That idea has been advanced by Duncan Macinnes, secretary of the Western Isles Fishermen’s Association, who is also standing as a candidate for Comhairle nan Eilean Siar in this week’s elections.
Mr Macinnes was speaking after attending a conference on “vessels of the future” in which the most urgent priority under discussion was the need to reduce dependence on diesel and move towards clean energy for both financial and environmental reasons.
He told the Gazette: “I was very interested to learn about how the Norwegians are looking at the design of new vessels and the ways in which they will be powered.

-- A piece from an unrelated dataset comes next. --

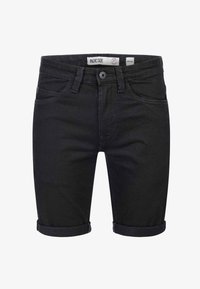 Unselected, ultra black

This is undoubtedly now a high priority and it could present us with an opportunity.
“If we can be involved from an early stage with the offshore wind developers, it should be possible to develop a base, with deep water access, for all kinds of vessels operating to the west of the Hebrides to supply them with clean fuels”.
The idea would also seem to fit in with Northland Power’s plans.
In a statement which accompanied their successful bid, the company said: “As the world grapples with the transition towards net‐zero, our plans to develop green hydrogen capabilities have been informed by real‐world discussions and will be a vital element of securing these areas’ future for the generations to come”.
Tanya Davies, project director for Northland Power said: "At this early stage in the project we are committed to opening up as many lines of dialogue as possible to ensure we have a comprehensive understanding of the needs of the community and how our project fits in.
“Hearing ideas from a range of stakeholder groups in the Western Isles, like the fishermen's association, is key to making the most of the many opportunities that will come from our wind project, both in terms of jobs and associated facilities and the power we will be generating.
" We'd be happy to meet Duncan to hear more about his ideas and see where we might be involved."